IBM Data Science Experience overview
Data Science Experience (DSX) provides you with the environment and tools to solve your business problems by collaboratively analyzing data. This illustration shows how the architecture of DSX is centered around the project. A project is how you organize your resources for solving a business problem.
When you create a project for analyzing data, you associate it with a compute engine and storage. Then, you add collaborators, data assets, and analytic assets to your project. You can also add bookmarks to important resources and associate other services with your project.
Here's what a project looks like:
The Community contains resources to help you learn more about data science:
- Read articles from many sources to keep current with data science trends.
- Read tutorials for multiple skill levels to learn how to do specific data science tasks.
- Run sample notebooks to learn new techniques or to use as templates for your own notebooks.
- Analyze data sets in sample notebooks or in your own notebooks.
Here's what the community looks like:
Watch this video to see a tour of the Community section.
You can analyze data from the following sources:
- You can load files from your local computer to use in notebooks and models.
- You can create connections to these kinds of data sources:
- Cloud data services, such as Db2 Warehouse on Cloud, Amazon S3, Cloudant, PostgreSQL
- On-premises databases, such as Db2, Netezza, Oracle, and SQLServer
- Streaming data services, such as IBM MessageHub and IBM Streaming Analytics
- You can use DSX Community data sets.
Depending on how your DSX account is set up, you can add the following types of people as collaborators to your project and control their permissions:
- People who already have DSX accounts plus people who don't have DSX accounts yet.
- People who belong to your DSX enterprise account.

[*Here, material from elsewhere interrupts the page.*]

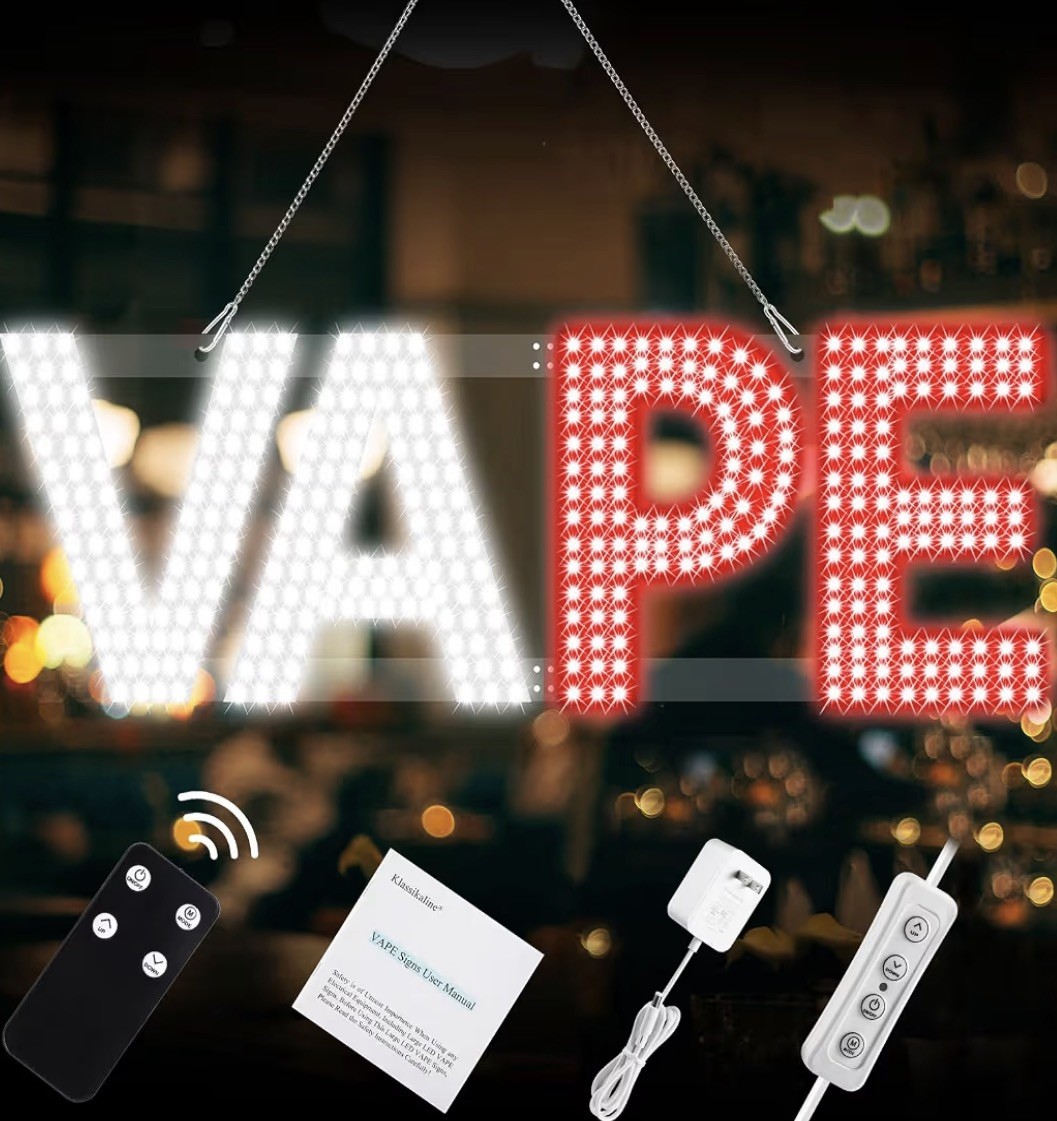 30&Prime;x10&Prime; LED VAPE Sign Ultra Bright Dimmable 4 Mode Smoke Shop Store Window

- People in your company, if your company set up SAML federation in IBM Cloud.
You can analyze data with these tools:
- Write Jupyter notebooks in Python, Scala, or R.
- Use the Flow Editor to create models that use machine learning for predictive analytics.
- Use Rstudio within DSX as an alternative to running R notebooks.
- Use Streams Designer to design stream flows to collect and analyze large amounts of streaming data.
Here's what a notebook looks like:
Libraries and APIs
You can use these libraries and APIs within your analytic assets to analyze data and display your results:
- Visualization libraries and tools help you tell a story with your data. DSX includes open source libraries like Brunel and PixieDust, as well as the SPSS Model visualization tool.
- Machine learning algorithms and tools provide predictive analytics. DSX includes SPSS machine learning algorithms and open source machine learning and deep learning APIs.
- Open source libraries and package provide computation, analytics, and visualization methods. DSX includes some popular open source libraries, such as PySpark, matplotlib, SparkML.
- You can install other open source libraries that you need.
You use a Spark runtime compute engine to run your notebooks and models:
- IBM Apache Spark is the default service that you configure when you create a project.
- If you have an Enterprise account, you can add Amazon EMR to a project.
- If you need a Spark cluster, you can add IBM Analytics Engine to a project.
You can use IBM Cloud services within your analytic assets:
- Watson Machine Learning provides a Flow Editor within DSX to create models and IBM Cloud integration to deploy models.
- Decision Optimization provides an optimization engine for running prescriptive analytic APIs.
- MessageHub ingests Kafka topics.
- Streaming Analytics ingests, analyzes, monitors, and correlates data from real-time data sources.